I have a pool at my gym and I have been swimming two or three times a week. And every time I get down to the end of the pool and take a breather before turning around, I see a quote staring at me in the face on the wall right above me.
"In order to succeed, we must first believe that we can."
First of all, I love that there is a quote on the wall right there. Because I love quotes and finding inspiration in odd places. Like the pool wall.
I never in a million years thought I would ever add swimming to my mix of things. Not because of any reason, I just haven't done really any swimming except to make it from one point to another recreationally and functionally. In a just-try-to-not-drown kind of way. I've always been kind of a team sport player. Doing something solo is a lot harder to me because it's you versus yourself. If you're on a team and you lose, there are a million reasons why, and probably only a fraction of it is your performance.
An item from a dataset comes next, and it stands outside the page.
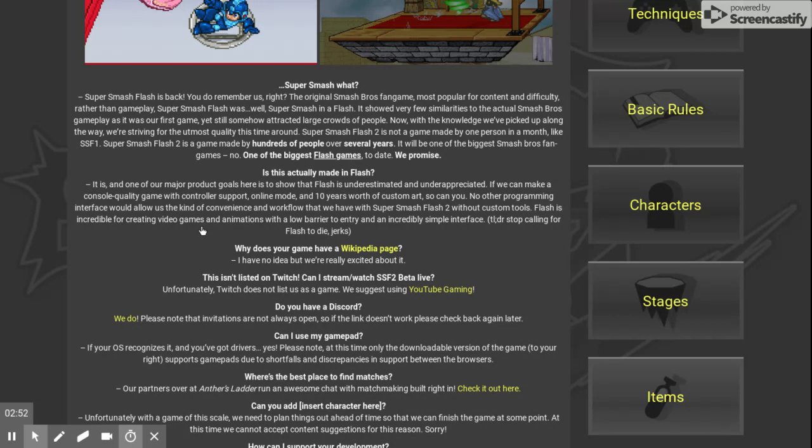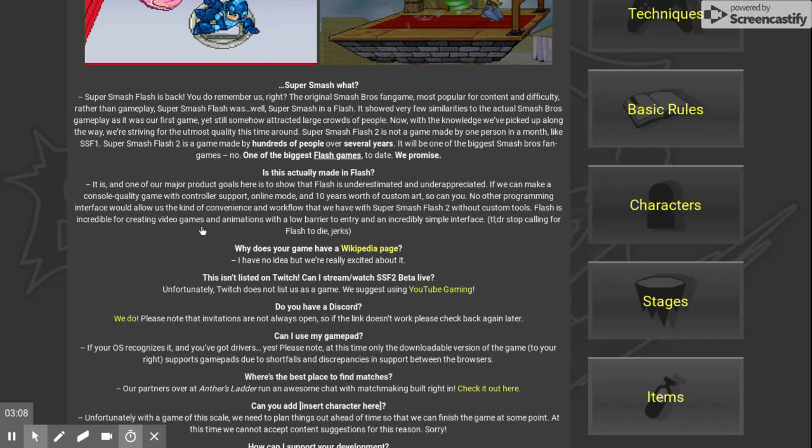It is one of the more major conscious goals that we've done here in Smash, that Flash is underestimated and underappreciated. We can make a console quality game with controller support, online mode, and ten years of custom art. So you can too.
Which is a little soothing in a way. (Sure, I hit into a double play in the last inning, but Shiela blew a play that cost us two runs in the 8th so it's all relative!)
But when it's just you, there is only yourself to rely on, and, eventually if you feel the need to, to blame. When it's just you, there is a little more pressure. Because there is no "team" to let down. It's only you. And there is no one to carry that load with you.
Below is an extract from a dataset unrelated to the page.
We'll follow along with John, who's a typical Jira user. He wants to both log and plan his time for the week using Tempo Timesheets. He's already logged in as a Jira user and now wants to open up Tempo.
Now that I'm swimming regularly, it makes me feel like the triathlon I'll be doing in July is real. And even though I had seen that quote a million times when I made it down to the end of the pool, it never really sunk in. Until one day it just stuck with me and long after I had dried off, it kept going through my mind. Over and over.
Because nothing really happens if you think "Hmm. Maybe!" And there are always going to be people around you who feed that self-doubt. Who make comments like about whether or not they can actually picture you achieving the goal you're pondering (like that matters anyway!) Who almost like to see other fail because they can't dig deep within themselves to bring themselves success. The Negative Nelly's. The naysayers. The ones who haven't seen their own dreams come to fruition so how could yours possibly come true...
Not that I am a "Secret" follower, but I've found that there is something to envisioning the end and the end that you actually want. To giving yourself no other option except success. For me, success is completing the triathlon at all, preferably without puking. But if I puke and overcome it to complete the triathlon, that too is a success. Because that means completing despite obstacles.
I have always had a problem believing in myself. My first thought is always, always, "I'm not sure I can do that." What happens to me is that I see other people racing or playing college softball or becoming a field producer, doing things I have only dreamt about... and then I compare myself to them and think to myself how embarrassingly unqualified I am for any of that.
But am I? Or do I just do that to myself?
I'm pretty sure it is just me. That I have the uncanny ability to stunt my own growth. If I let myself.
I don't want to dream "safe" dreams anymore. I want to believe I am better than that. I want to believe that it's not about the triathon, it's about any "insert goal here". Because if I don't believe in the goal and even more importantly, in me, who will?